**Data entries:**
*** Block opens ***
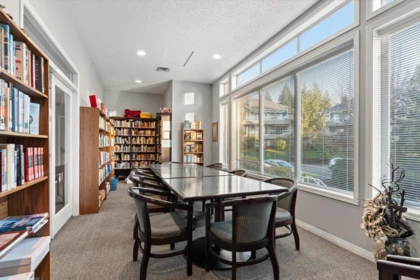 Aerial View of 90 4001 Old Clayburn Road, Abbotsford, BC
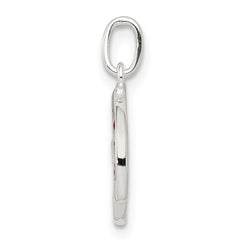 Sophia Jewelers Sterling Silver 925 Sweet 16 Pendant with Polished Finish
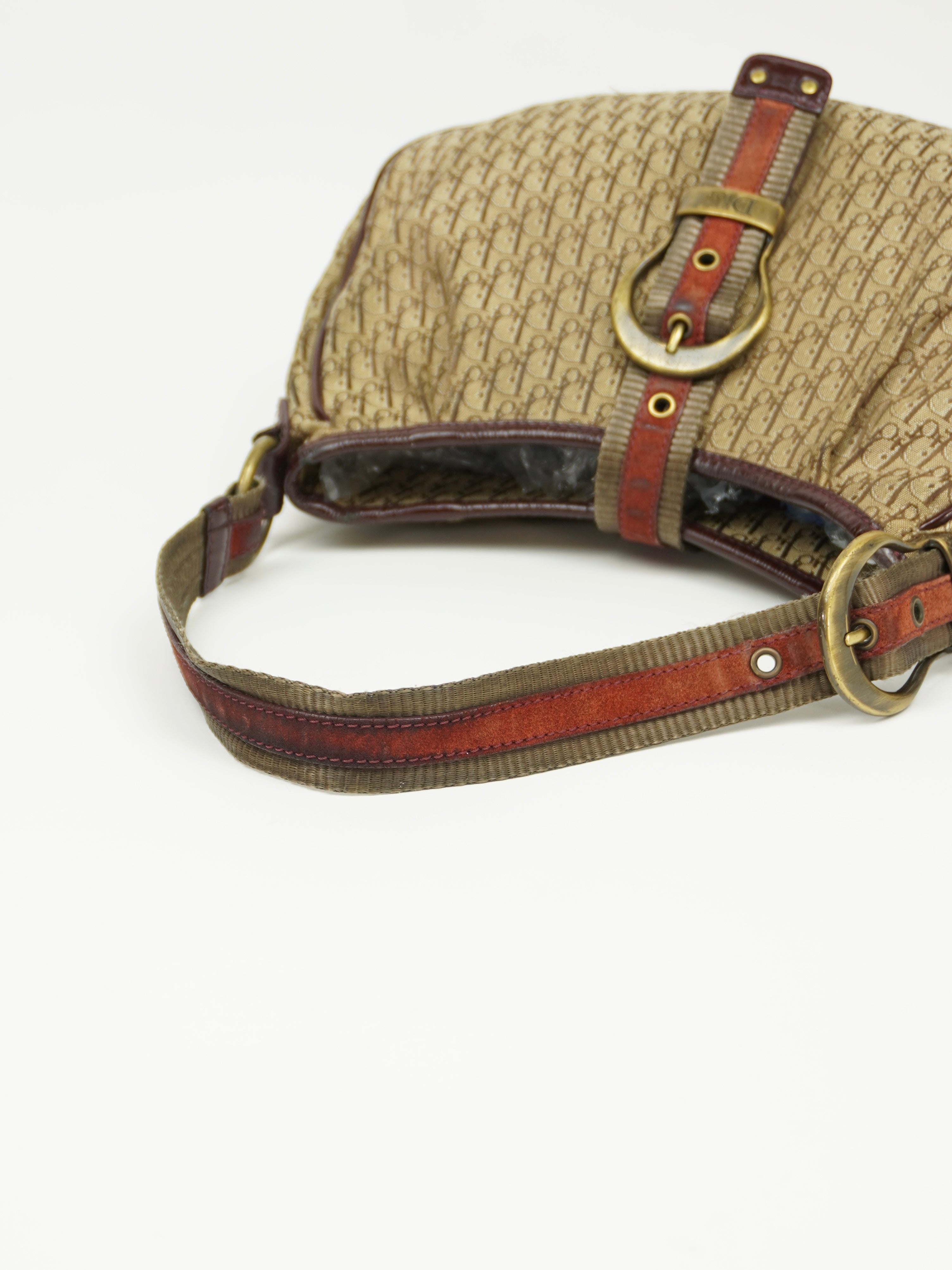CHRISTIAN DIOR MONOGRAM SHOULDER BAG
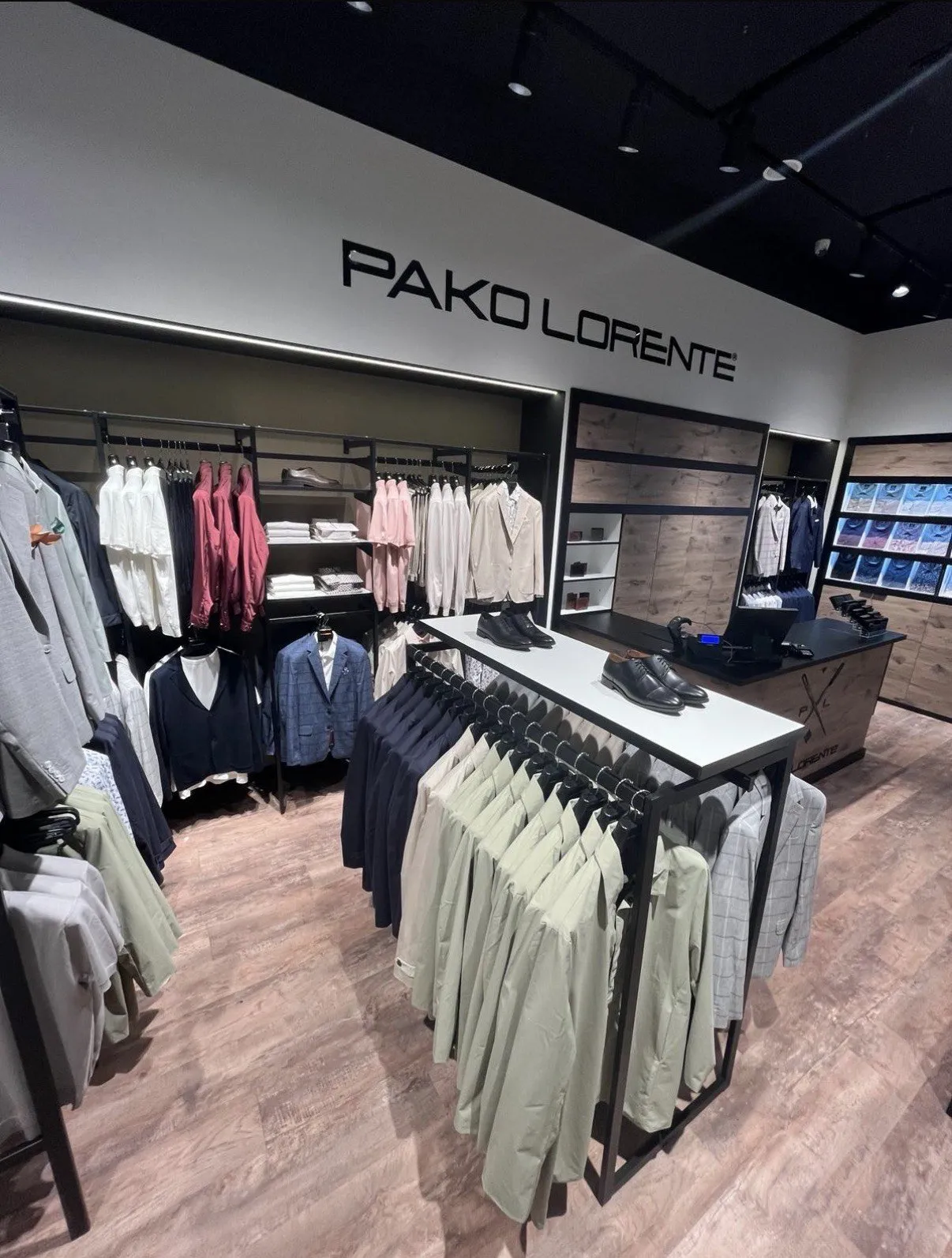 odzież męska, garnitury, koszule Gorzów Wielkopolski Pako Lorente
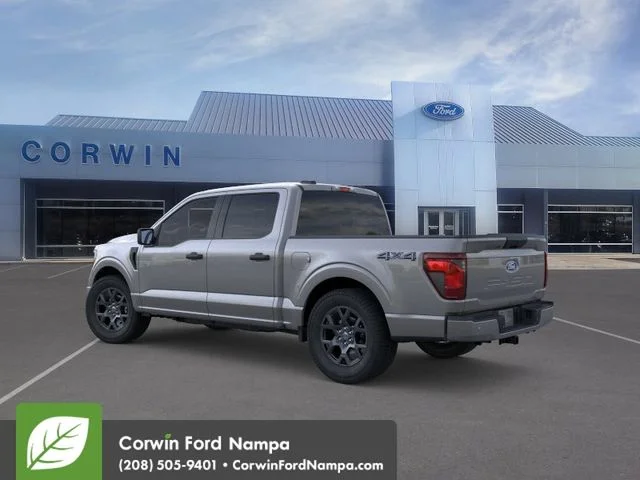 New 2026 Carbonized Gray Metallic Ford STX image 6
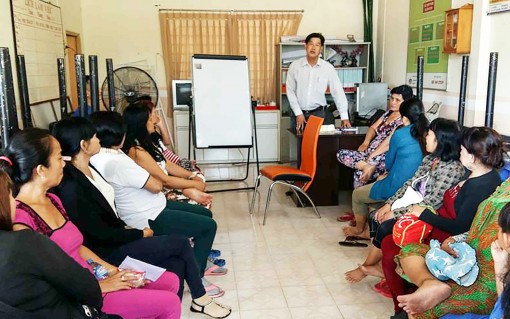 Tệ nạn mại dâm núp bóng nhiều hình thức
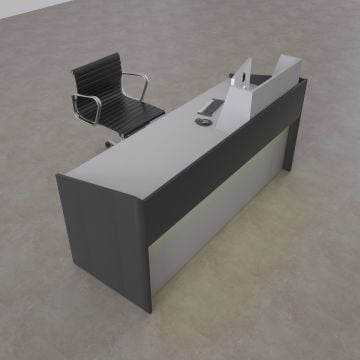 Banko 3 120 - Beyaz+Antrasit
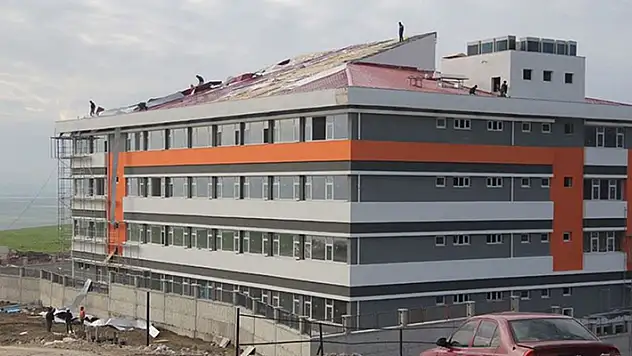 Hatay Kırıkhan'da hastane binası ihaleyle satılacak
*** Block closes ***
**Work request:**
Please keep the pictures out and reproduce the records above exactly.

**Solution to the problem:**
 Aerial View of 90 4001 Old Clayburn Road, Abbotsford, BC
 Sophia Jewelers Sterling Silver 925 Sweet 16 Pendant with Polished Finish
CHRISTIAN DIOR MONOGRAM SHOULDER BAG
 odzież męska, garnitury, koszule Gorzów Wielkopolski Pako Lorente
 New 2026 Carbonized Gray Metallic Ford STX image 6
 Tệ nạn mại dâm núp bóng nhiều hình thức
 Banko 3 120 - Beyaz+Antrasit
 Hatay Kırıkhan'da hastane binası ihaleyle satılacak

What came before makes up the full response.